美人で優しくて、声がほわほわしていたのが印象に残っている。
それでいつも、錬成術で面白いおもちゃとか、可愛い服とか、美味しいお菓子だってたくさん作ってくれた。
ババロアの発言に憤りを覚えたのはそれが理由である。
男性とか女性とか関係なしに、お母さんはとてもすごい錬成師だったから。
そんなお母さんは、私が十歳の時に重い病気に罹ってしまい、すでに他界している。
『お母さんね、いつかアトリエを開くのが夢なの。

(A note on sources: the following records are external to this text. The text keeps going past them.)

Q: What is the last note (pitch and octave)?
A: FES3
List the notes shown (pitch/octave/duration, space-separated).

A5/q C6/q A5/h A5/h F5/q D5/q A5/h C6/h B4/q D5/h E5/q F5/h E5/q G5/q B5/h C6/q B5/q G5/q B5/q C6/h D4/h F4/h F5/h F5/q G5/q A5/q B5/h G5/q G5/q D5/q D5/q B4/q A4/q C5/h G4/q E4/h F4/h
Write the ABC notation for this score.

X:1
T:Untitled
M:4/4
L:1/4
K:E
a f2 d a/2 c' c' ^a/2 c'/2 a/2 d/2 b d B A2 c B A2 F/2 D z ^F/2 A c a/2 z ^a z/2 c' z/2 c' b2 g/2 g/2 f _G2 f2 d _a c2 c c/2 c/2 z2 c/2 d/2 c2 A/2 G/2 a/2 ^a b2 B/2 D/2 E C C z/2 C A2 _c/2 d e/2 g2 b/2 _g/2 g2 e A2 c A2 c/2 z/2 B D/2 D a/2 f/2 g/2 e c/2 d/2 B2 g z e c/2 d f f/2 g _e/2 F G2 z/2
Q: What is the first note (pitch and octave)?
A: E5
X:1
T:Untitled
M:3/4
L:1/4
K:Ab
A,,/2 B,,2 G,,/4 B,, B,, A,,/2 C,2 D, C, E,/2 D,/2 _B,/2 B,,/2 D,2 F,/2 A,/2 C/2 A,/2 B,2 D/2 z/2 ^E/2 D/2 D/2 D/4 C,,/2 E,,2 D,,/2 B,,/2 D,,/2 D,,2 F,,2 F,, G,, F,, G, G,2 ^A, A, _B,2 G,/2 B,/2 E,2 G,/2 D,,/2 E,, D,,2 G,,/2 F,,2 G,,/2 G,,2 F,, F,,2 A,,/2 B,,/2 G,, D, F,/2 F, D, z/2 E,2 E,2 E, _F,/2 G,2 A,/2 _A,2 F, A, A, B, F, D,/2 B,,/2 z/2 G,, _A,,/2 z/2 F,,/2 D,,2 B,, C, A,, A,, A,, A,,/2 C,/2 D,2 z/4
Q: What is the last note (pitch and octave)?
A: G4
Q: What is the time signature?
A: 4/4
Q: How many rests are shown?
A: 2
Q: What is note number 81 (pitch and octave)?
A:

それでもっとたくさんの人たちを笑顔にしたいんだ』
その夢を叶える前に、お母さんは病気で倒れてしまった。
だから私が代わりに、お母さんの夢を叶えてみせる。
アトリエを開くことができたら、きっとお母さんがすごい錬成師だったってことをみんなに証明できる気がするから。
そのために私は故郷の村を飛び出して、錬成師の道を歩み始めた。
お父さんも背中を押して送り出してくれて、お母さんの夢を託してくれた。
けれど……
「……これからどうしよう」
ババロアのアトリエを追い出された私は、意味もなく町を徘徊していた。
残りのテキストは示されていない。